Description of the task: The lines you return must be all those in the data that hold the string "with".

Supplied information:
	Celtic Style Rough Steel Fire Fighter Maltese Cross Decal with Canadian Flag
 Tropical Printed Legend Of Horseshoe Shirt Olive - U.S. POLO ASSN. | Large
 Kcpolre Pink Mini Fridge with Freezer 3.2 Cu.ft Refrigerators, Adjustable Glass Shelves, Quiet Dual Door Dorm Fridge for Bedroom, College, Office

Exercise solution:
	Celtic Style Rough Steel Fire Fighter Maltese Cross Decal with Canadian Flag
 Kcpolre Pink Mini Fridge with Freezer 3.2 Cu.ft Refrigerators, Adjustable Glass Shelves, Quiet Dual Door Dorm Fridge for Bedroom, College, Office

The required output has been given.